Problem details – Give again, exactly and only, the lines running from the one with "The first step" to the end of the material below; leave out pictures.
Dataset excerpt: Begin
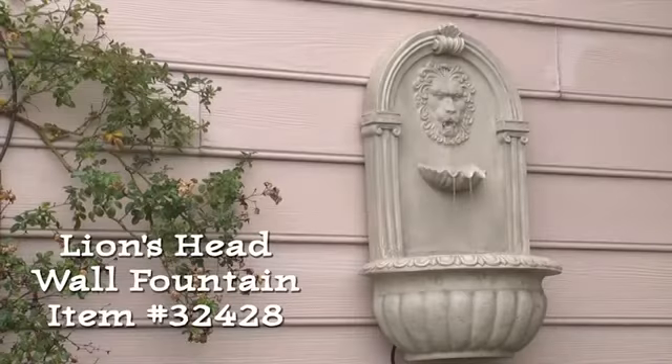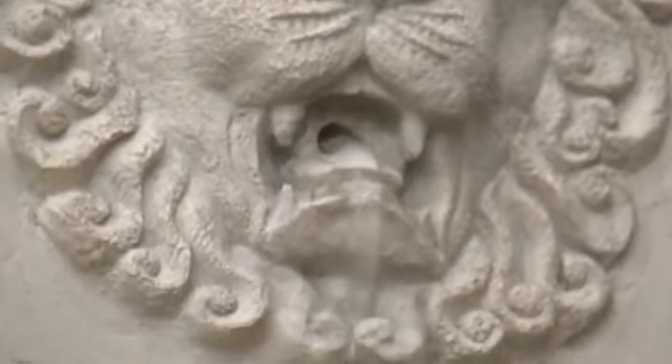Here is item number 32428, a European-inspired lion's head wall fountain. This attractive fountain has the look of carved stone without the weight and expense.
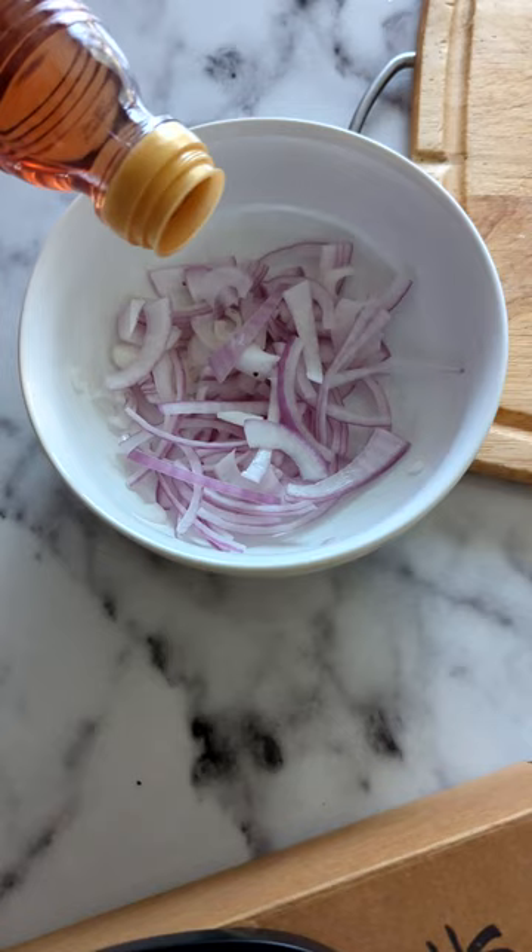The first step to make a broccoli melt is to quick pickle some red onions. Red wine vinegar, salt, pepper, and a pinch of sugar.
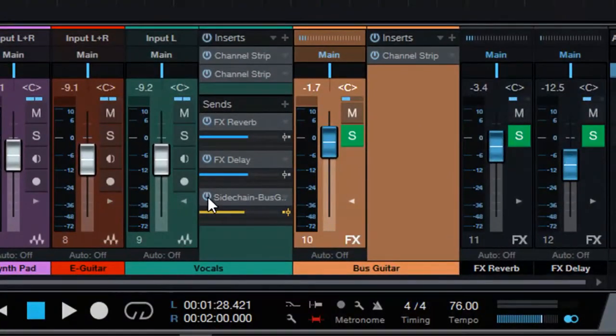Now when you are enabling the sidechain, you have to remember that it needs to be pre-fader and not post-fader. It needs to be yellow, and we need to adjust it so that when we are adjusting the track's fader, it has no effect on the sidechain compression being applied to our guitars.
Dataset excerpt: End
Exercise response –
The first step to make a broccoli melt is to quick pickle some red onions. Red wine vinegar, salt, pepper, and a pinch of sugar.
Now when you are enabling the sidechain, you have to remember that it needs to be pre-fader and not post-fader. It needs to be yellow, and we need to adjust it so that when we are adjusting the track's fader, it has no effect on the sidechain compression being applied to our guitars.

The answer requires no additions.